Monash expert: Online romance scams – how to safeguard yourself this Valentine’s Day

Monash University 2 mins read

A Monash expert is available to comment on the rise of online romance and investment scams related to Valentine’s Day, how people can protect themselves, and what institutional safeguards can be put in place. 

 

Professor Monica Whitty, Head of Department of Software Systems & Cybersecurity, Faculty of Information Technology

Contact details: +61 450 501 248 or media@monash.edu  

  • Human factors of cybersecurity
  • Online security risks
  • Detecting and preventing cyber scams 

 

The following can be attributed to Professor Whitty:

“February is a time for love around the world but from a cybersecurity point of view we also see a steep increase in online romance and relationship scams during this time. Such scams tend to peak around Valentine’s Day and Christmas, when people are looking for love or are feeling more lonely. 

 

“Romance scams don’t start with a request for money, they start with the development of a relationship.
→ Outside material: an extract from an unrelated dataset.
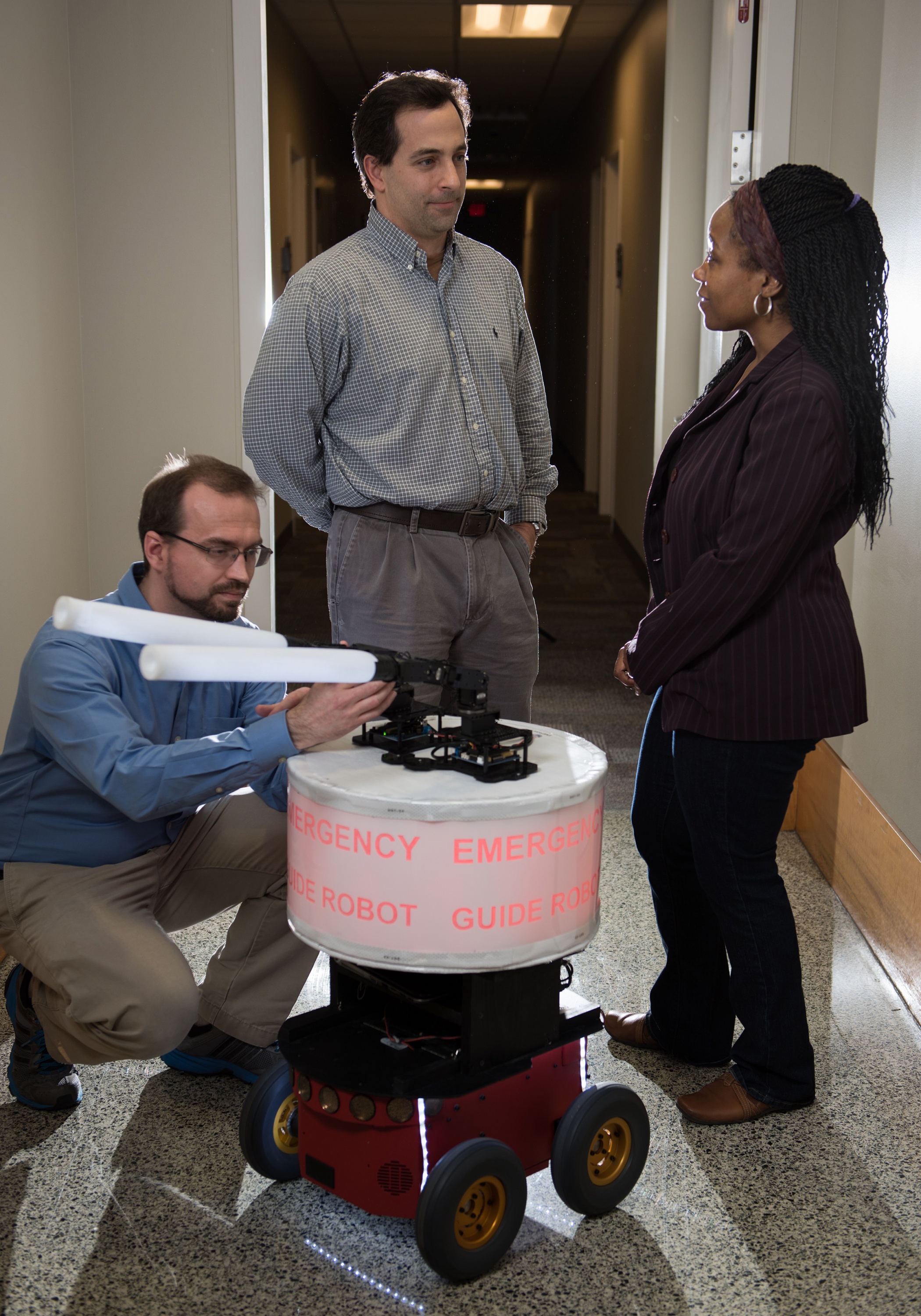GTRI Research Engineer Paul Robinette adjusts the “arms” on the “Rescue Robot,” while (L-R) GTRI Senior Research Engineer Alan Wagner and School of Electrical and Computer Engineering Professor Ayanna Howard look on. (Credit: Rob Felt, Georgia Tech)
So don’t wait until you notice red flags. Start doing some basic checks as soon as you meet someone new online. 

 

“Check if they have profiles on other dating sites, social networking sites or LinkedIn. Do reverse image searches to see if they come up as part of scam alerts or the news. Get family and friends involved when you are looking for new relationships as they can be more objective in checking the safety of potential partners. The longer a relationship stays online the longer you become vulnerable to that person. It is important to meet them in person in a safe public environment early on.

 

“Relationship scams are now being increasingly combined with investment scams – called ‘pig butchering’ – a new form of scam where money is extracted to make fake investments in the share market, cryptocurrency or foreign currency exchanges. The whole deal, for romance or investment scams, is founded on building trust and exploiting that trust to extract money.  

 

“We also see that once people fall victim they tend to be repeatedly caught up in online scams since their personal data becomes vulnerable. If you have been scammed, take preventative measures so you are protected in the future. Report the scam, change all your online passwords, check if your digital identity is secure, and work with not-for-profit organisations like IDCare who can help you navigate the aftermath of a scam. 

 

“Social networking and dating sites need to do more work to keep criminals out and to keep their clients safe. Governments should distribute consistent and simple messaging and work with industry (e.g. platforms and social networking sites) to recommend safe behaviours and practices for users.”